PROBLEM DETAILS — Give the number of lines that contain "Photo" in the listing, and write nothing else.
━━━━━━━━━━━━━━━━
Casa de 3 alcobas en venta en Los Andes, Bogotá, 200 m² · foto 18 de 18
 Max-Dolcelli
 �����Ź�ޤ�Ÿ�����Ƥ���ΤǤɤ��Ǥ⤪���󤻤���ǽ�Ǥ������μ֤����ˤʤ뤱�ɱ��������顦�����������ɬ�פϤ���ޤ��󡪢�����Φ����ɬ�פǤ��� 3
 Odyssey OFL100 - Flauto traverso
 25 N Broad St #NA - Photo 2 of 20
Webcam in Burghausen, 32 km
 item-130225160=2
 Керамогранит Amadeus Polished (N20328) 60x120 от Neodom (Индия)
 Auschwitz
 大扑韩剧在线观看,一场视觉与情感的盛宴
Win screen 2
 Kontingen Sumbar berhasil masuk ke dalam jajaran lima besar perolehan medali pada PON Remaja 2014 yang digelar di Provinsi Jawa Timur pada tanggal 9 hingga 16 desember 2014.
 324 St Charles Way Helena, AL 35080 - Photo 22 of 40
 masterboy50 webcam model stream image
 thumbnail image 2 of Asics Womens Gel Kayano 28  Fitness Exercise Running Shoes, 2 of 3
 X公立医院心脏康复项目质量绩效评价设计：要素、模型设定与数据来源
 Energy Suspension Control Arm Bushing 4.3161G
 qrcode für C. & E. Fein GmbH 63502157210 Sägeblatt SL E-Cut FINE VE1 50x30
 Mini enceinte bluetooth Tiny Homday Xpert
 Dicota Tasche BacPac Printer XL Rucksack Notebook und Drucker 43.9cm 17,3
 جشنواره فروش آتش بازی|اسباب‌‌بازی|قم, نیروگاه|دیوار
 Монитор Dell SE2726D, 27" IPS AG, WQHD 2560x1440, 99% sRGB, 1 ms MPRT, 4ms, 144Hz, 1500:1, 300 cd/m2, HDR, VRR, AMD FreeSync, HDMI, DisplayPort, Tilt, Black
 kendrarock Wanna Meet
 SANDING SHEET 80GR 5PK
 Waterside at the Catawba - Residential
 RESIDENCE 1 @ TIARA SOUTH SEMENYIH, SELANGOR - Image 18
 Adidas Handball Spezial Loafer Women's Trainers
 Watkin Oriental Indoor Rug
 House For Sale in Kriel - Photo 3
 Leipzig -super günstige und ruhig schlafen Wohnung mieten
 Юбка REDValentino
━━━━━━━━━━━━━━━━
RESULT — 3